The input Start Marker
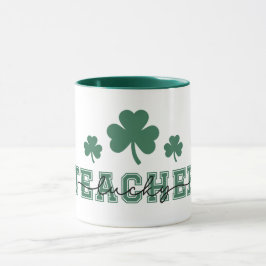St. Patricks Day Lucky Teacher Mugg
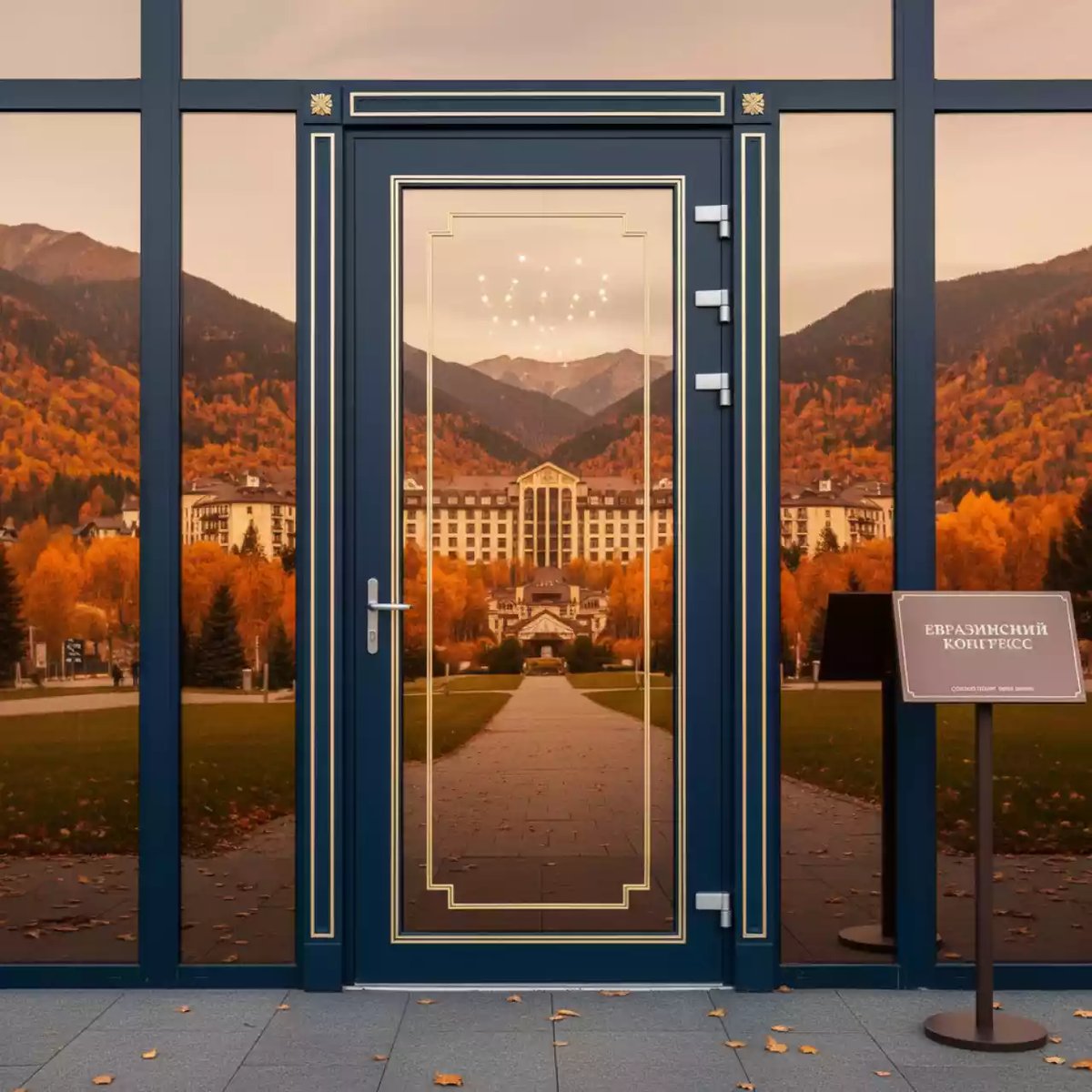 Аренда Двери одностворчатые для шатра в Golden Tulip Rosa Khutor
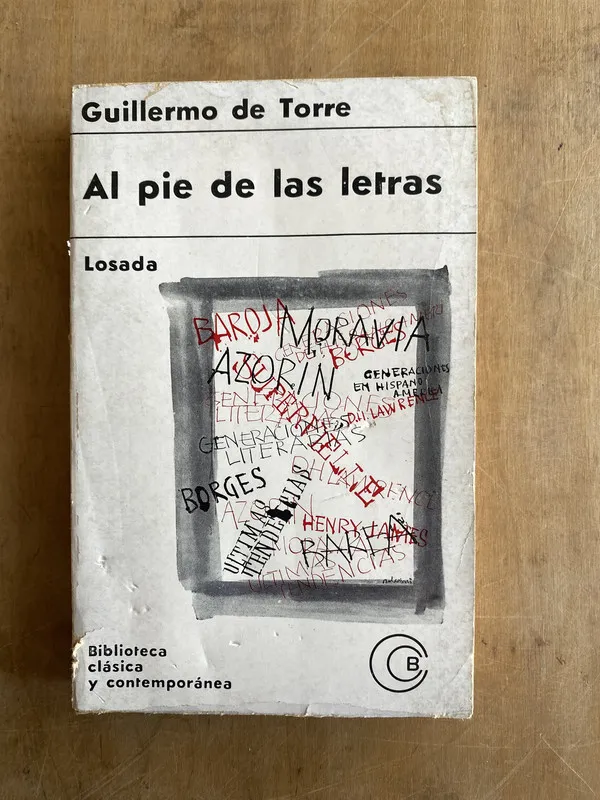 Al pie de las letras - De Torre, Guillermo (JJ2)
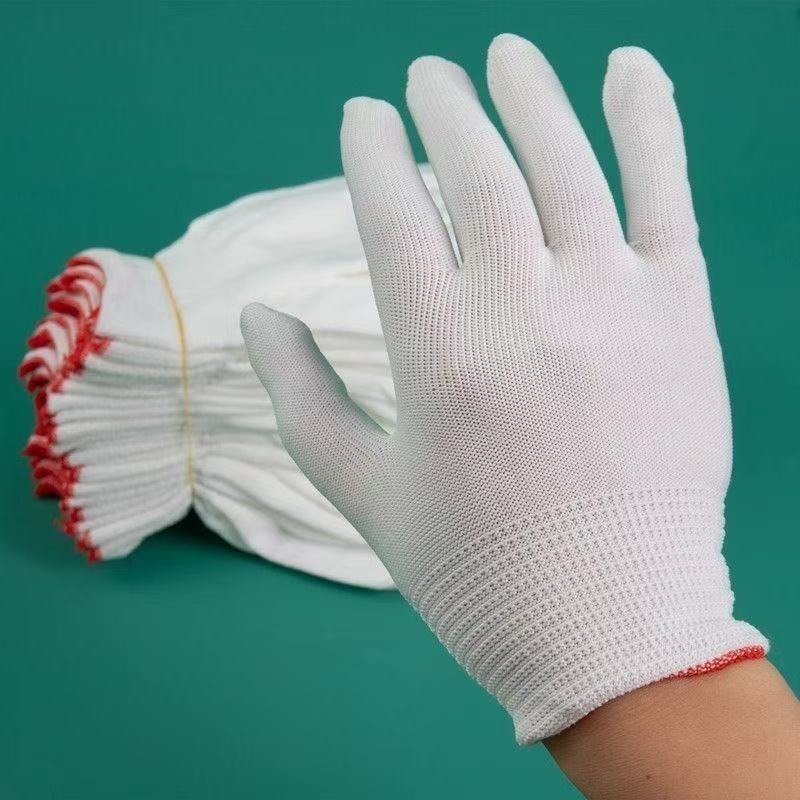 10pcs of 5 Pairs of White, Durable Gloves That Are Comfortable, Breathable,Very Elastic,Fit The Palm Very Well,Easier To Operate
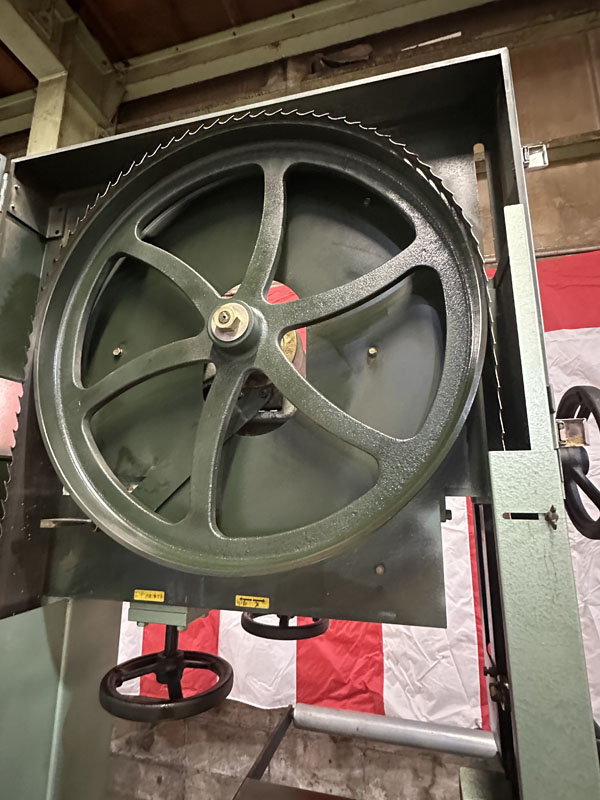 ☆動画有り☆中古木工機械 日立工機　バンドソー　CB100FA　定規デジタル尺表示付き　スターデルタ起動方式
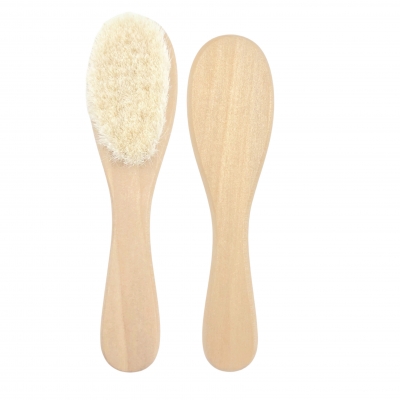 Wool facial brush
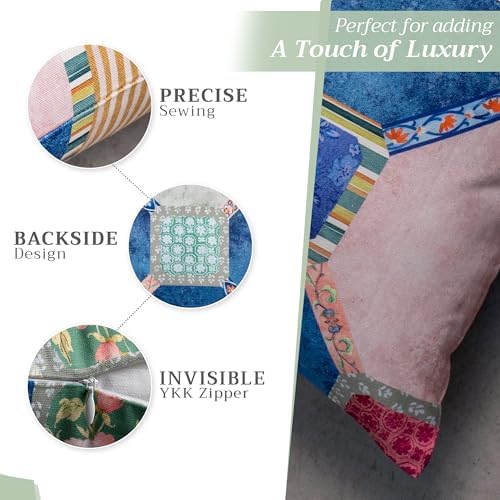 Maison d' Hermine Throw Pillow Covers 100% Cotton (18" x 18" - Pack of 1)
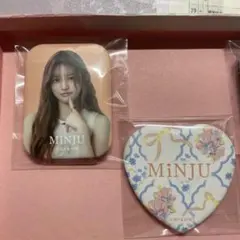 MiNJU & YUNAH ハート型ピンバッジセット 単品販売OK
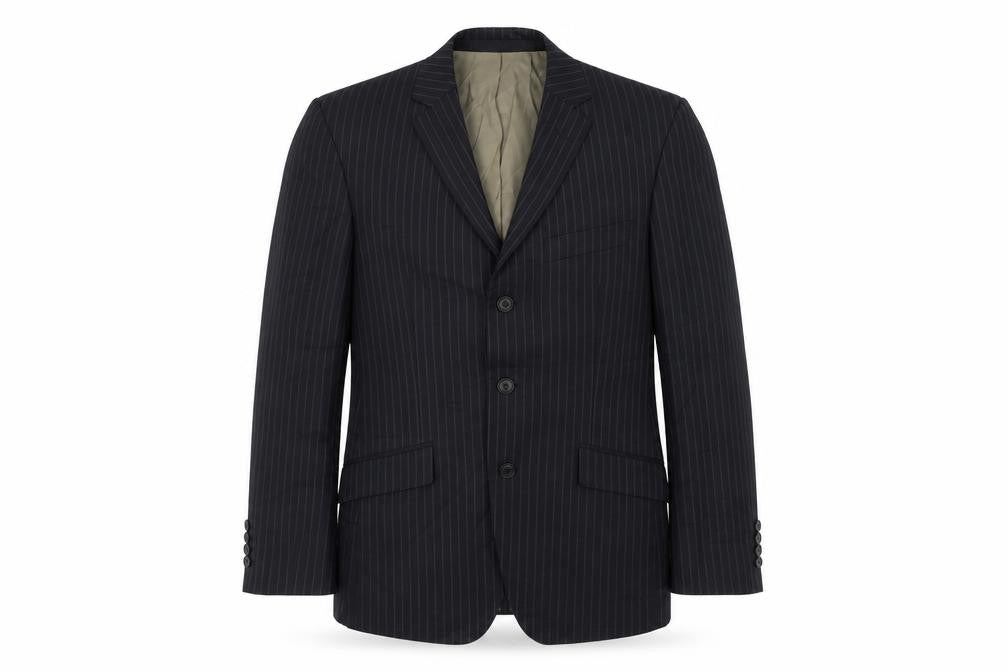 Marks & Spencer Mens Blue   Jacket Suit Jacket Size 38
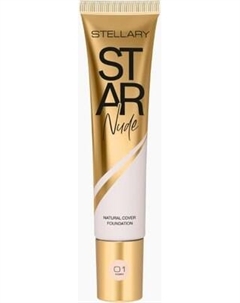 Тональный крем Star Nude Foundation тон 01 слоновая кость Stellary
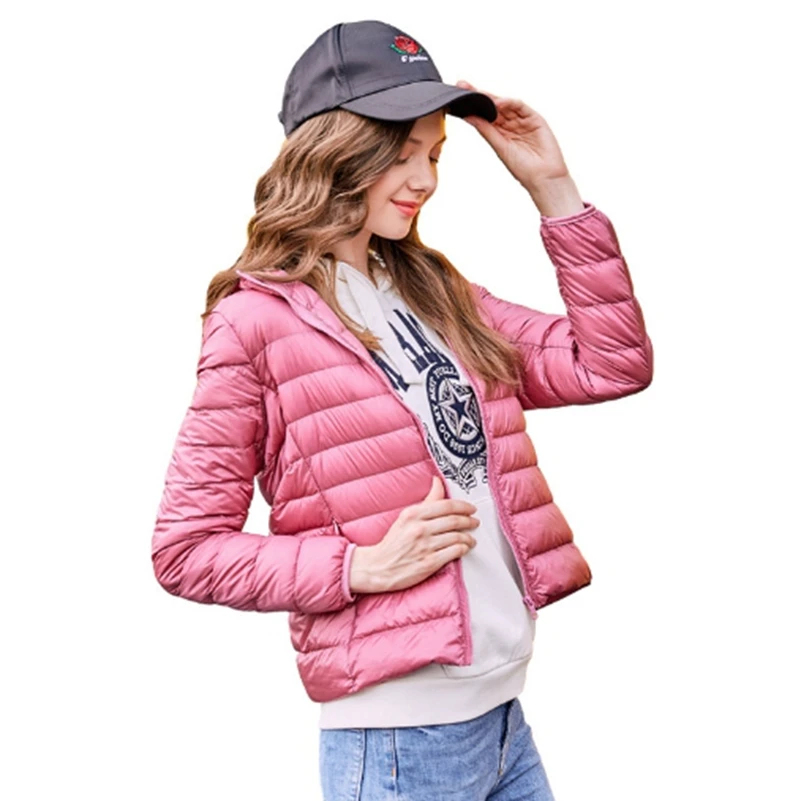 

2018 new down garments, women's lightweight, down garments, large size down garments.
The input End Marker
Work instructions:
An exact copy of all the records is required, with the pictures omitted.

Written answer:
St. Patricks Day Lucky Teacher Mugg
 Аренда Двери одностворчатые для шатра в Golden Tulip Rosa Khutor
 Al pie de las letras - De Torre, Guillermo (JJ2)
 10pcs of 5 Pairs of White, Durable Gloves That Are Comfortable, Breathable,Very Elastic,Fit The Palm Very Well,Easier To Operate
 ☆動画有り☆中古木工機械 日立工機　バンドソー　CB100FA　定規デジタル尺表示付き　スターデルタ起動方式
 Wool facial brush
 Maison d' Hermine Throw Pillow Covers 100% Cotton (18" x 18" - Pack of 1)
 MiNJU & YUNAH ハート型ピンバッジセット 単品販売OK
 Marks & Spencer Mens Blue   Jacket Suit Jacket Size 38
 Тональный крем Star Nude Foundation тон 01 слоновая кость Stellary

2018 new down garments, women's lightweight, down garments, large size down garments.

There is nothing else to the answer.